Looking Forward: If the recommendations in the JPC report are implemented, they will constitute the most substantive reform to the Australian class action regime in its nearly 30-year history. The Federal Government has not yet announced the timing of its response on whether it will implement some or all of the recommendations, but we expect that response is likely to emerge in Q1 or Q2 of 2021.

Regulation of Litigation Funding

The JPC endorsed the Federal Government's recent introduction of regulations which require litigation funders to hold an Australia Financial Services Licence ("AFSL") and register litigation funding schemes as managed investment schemes ("MIS").

However, the JPC has proposed a number of further steps to improve the oversight of litigation funders, including that:

all class action litigation funding agreements be required to expressly include:

  • a complete indemnity in favour of the representative plaintiff against an adverse costs order (recommendations 8 and 9); and
    • an Australian governing law and jurisdiction clause (recommendation 12);
    • there be a statutory presumption that a litigation funder provide security for costs (recommendation 10);
  • litigation funding agreements be only enforceable with court approval, with the court retaining a discretion to reject, vary or amend the terms of the agreement when the interests of justice require (recommendation 11);
  • the Federal Court have a power to appoint an independent referee as a litigation funding fees assessor who is a professional with market capital or finance expertise (recommendations 13 and 14); and
  • the Federal Court have an express power to make a costs order against a litigation funder, including an order that the funder pay the costs of any independent referee (recommendations 15 and 16).

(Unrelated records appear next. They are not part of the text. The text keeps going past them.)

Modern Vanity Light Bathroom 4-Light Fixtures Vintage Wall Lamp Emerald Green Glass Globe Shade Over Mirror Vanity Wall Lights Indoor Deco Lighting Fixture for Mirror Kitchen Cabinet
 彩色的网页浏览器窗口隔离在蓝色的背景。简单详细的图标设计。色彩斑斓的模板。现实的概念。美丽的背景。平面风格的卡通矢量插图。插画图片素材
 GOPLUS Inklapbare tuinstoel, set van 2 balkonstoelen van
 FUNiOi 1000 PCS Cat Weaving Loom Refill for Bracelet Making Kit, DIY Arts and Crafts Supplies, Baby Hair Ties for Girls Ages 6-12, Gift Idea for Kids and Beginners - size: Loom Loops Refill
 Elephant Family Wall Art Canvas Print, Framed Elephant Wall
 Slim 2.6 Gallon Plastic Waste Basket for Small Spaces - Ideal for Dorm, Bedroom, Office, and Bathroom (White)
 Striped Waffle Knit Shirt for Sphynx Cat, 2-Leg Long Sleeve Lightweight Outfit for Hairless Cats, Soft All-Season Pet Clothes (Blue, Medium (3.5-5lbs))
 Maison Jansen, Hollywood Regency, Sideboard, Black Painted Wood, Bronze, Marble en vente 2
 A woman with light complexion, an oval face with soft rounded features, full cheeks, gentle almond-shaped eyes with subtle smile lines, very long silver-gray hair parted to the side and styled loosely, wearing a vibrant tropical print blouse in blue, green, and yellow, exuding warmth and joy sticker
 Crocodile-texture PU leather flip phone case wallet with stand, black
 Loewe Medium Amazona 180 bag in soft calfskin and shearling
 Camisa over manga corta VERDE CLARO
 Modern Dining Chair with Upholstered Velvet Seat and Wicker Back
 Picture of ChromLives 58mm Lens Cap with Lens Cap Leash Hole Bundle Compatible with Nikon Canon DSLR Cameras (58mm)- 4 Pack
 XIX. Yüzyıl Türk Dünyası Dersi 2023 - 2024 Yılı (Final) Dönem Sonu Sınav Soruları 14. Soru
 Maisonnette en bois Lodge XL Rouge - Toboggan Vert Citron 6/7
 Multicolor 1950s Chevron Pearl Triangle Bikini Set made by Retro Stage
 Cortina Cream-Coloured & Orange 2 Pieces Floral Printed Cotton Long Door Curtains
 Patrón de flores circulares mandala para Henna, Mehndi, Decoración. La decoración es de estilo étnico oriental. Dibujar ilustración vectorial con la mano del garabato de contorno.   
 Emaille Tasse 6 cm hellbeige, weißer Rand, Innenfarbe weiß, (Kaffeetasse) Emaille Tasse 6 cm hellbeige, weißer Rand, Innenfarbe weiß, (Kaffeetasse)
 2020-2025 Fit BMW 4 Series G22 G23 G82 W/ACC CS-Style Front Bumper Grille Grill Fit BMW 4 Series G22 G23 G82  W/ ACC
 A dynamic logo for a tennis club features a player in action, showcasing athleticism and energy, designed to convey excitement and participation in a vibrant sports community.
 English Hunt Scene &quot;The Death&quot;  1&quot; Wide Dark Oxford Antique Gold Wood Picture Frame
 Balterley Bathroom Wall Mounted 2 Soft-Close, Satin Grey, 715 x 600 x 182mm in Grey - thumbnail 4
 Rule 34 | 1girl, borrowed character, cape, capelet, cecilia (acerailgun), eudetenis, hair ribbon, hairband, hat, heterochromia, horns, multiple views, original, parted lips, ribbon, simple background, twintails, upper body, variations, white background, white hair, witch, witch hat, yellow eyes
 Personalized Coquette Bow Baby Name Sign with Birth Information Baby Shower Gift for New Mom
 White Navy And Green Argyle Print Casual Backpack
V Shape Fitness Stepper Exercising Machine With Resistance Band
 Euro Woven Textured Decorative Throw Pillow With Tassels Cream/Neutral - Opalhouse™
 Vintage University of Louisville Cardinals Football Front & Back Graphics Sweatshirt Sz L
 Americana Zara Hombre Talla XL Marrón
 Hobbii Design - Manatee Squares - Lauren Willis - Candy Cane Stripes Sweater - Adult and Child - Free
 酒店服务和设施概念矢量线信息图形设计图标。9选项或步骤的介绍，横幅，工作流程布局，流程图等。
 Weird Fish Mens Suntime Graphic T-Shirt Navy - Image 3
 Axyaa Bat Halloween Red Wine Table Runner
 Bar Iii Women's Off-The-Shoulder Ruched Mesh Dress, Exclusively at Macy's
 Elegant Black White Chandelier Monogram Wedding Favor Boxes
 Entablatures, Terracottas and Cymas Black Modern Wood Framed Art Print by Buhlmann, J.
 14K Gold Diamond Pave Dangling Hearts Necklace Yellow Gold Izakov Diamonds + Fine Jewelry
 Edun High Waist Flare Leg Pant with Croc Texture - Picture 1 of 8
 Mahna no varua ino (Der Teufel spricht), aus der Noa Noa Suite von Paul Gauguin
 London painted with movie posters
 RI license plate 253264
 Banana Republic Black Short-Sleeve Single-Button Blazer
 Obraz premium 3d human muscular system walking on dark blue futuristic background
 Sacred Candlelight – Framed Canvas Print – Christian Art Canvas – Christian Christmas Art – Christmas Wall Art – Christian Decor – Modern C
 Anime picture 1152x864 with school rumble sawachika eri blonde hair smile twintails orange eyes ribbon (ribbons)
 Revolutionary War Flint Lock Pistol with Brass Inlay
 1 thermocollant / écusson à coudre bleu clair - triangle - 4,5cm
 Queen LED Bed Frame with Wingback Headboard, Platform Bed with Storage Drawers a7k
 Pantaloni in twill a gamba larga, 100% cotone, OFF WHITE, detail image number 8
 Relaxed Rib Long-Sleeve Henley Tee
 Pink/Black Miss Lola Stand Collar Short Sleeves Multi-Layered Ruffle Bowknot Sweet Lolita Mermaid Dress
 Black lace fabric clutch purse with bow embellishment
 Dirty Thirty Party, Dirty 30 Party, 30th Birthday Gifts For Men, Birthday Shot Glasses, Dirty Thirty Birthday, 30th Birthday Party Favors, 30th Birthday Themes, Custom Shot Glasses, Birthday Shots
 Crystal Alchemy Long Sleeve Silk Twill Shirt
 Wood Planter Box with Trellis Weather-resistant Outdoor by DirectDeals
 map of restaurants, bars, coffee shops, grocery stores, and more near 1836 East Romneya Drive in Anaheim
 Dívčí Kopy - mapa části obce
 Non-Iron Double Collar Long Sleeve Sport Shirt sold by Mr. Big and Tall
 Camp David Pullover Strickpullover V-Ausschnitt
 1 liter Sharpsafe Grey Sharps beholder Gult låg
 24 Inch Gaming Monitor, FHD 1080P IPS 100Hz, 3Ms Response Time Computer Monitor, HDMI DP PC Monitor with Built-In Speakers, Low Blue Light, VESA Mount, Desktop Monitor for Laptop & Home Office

The JPC also recommended that the Federal Government consult on the best way to provide a guarantee of a statutory minimum return of the gross proceeds of a class action to class members, including to consider whether it is more appropriate to legislate a minimum gross return of 70% or adopt a graduated approach, taking into account the risk, complexity, length and likely proceeds of the case (recommendation 20). Such a "floor" on the minimum return to class members is likely to provide a more robust and effective way of addressing the high cost of litigation funding than leaving this issue to be resolved by market forces or ad hoc judicial intervention. This recommendation closely reflects the public position of at least one key Parliamentary cross-bench member whose political support will be required to pass any reforming legislation.

Federal Control of Contingency Fees

In June 2020, the state of Victoria enacted legislation which allows-for the first time in Australia-lawyers to charge a form of contingency fee in class actions commenced in the Supreme Court of Victoria by providing the Court with the power to make "group costs orders". The Victorian class action rules are such that both National and Victorian-based class actions can be commenced under the Victorian regime, so the implications of this reform have wide reach.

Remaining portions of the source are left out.